Conexão: O senhor é coautor de um estudo, publicado em 2019, que já questionava a falta de capacidade de identificação do Candida auris no Brasil. Poderia nos explicar?
Pasqualotto: Avaliamos a capacidade de diagnóstico micológico na América Latina e observamos que menos de 20% dos laboratórios possuem acesso a Maldi-TOF e menor proporção tem capacidade de diagnosticar resistência em fungos. Estes dados são alarmantes. Percebe-se claramente que, a despeito de todo o avanço no conhecimento científico, as doenças fúngicas seguem sendo negligenciadas em nosso meio.
Os órgãos acreditadores precisam ter um olhar especial sobre estas situações: todo o hospital que atende pacientes imunossuprimidos ou realiza procedimentos invasivos deveria ser condicionado a identificar fungos em nível de espécie, bem como a realizar testes de sensibilidade para fungos. Se o hospital ou clínica não possui laboratório em condições para prestar este serviço, pois que comprem o serviço de apoiador; o que não é mais aceitável é termos amostras de sangue com identificações de leveduras como “Candida spp.”
Conexão: Pode haver mais de um caso no Brasil?
Pasqualotto: Este caso identificado na Bahia foi o primeiro a ser detectado no Brasil. No entanto, considerando que possuímos em nosso país uma baixa capacidade de diagnóstico. Isso provavelmente signifique subnotificação.

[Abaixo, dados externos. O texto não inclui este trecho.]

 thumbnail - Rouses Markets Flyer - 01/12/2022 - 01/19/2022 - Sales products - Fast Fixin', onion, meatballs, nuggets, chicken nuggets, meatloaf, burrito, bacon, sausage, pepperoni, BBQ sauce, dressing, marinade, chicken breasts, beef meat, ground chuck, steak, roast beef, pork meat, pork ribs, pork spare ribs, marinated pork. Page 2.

Embora exista um alerta mundial para a emergência de C. auris, uma espécie altamente resistente e transmissível de fungo, não há como compará-la à COVID-19, uma doença de transmissão respiratória que causou uma pandemia sem proporções. C. auris é agente oportunista de transmissão hospitalar; em síntese, é mais um microrganismo super-resistente criado por pressão seletiva do uso indiscriminado de antimicrobianos.
Mesmo que não seja o primeiro fungo resistente descrito, C. auris coloca os fungos lado a lado com as bactérias, como agentes de infecção por patógeno multirresistente no hospital. Uma realidade completamente diferente da Covid-19.